We then append h to ENC. Again, this creates a new string in memory and updates ENC to point to the third memory location. It is also important to note that the character L has been written twice now. Making a total of 3 character writes for a two character string in this example.
[Slides 17-20]
Now to the third iteration of the loop which is t, and the offset character will be the character b. As before, we have a new memory entry and update the pointer for ENC. Now we have done a total of 6 character copies for a three character string! We continue our loop in this fashion. We will now fast forward to the end of the loop. How many character copies do you think we will make for this string? How many memory entries? Take a moment to pause the video if you would like to determine the pattern for yourself.
[Slide 21]
Skipping ahead, we see that there have been 15 memory entries for a 14 character string. Doing some math, there are 105 character copies for the string! In terms of computational time, this will add up!
[Slide 22]
I have outlined here how many character copies have occurred and how many memory locations have been created.
[Slide 23-24]
We can generalize this to the following. You don’t need to worry about determining these equations! I calculated them to show you the gravity of using plain strings.
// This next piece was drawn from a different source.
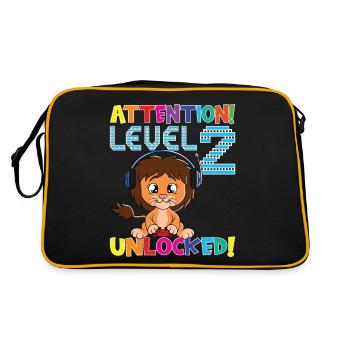 Attention Level 2 Unlocked Birthday - Retro Bag - black/gold - Back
While it doesn’t seem cumbersome for smaller strings and thus fewer iterations, it really adds up. For a string with one million characters, that would be one million one memory addresses filled and five hundred billion five hundred thousand total character copies. While modern coding languages will do periodic clean up routines and try to optimize this behavior, we need to be mindful of the way we implement strings. Even though it seems bleak, there is an alternative that we will discuss in the next section that offers considerable improvements.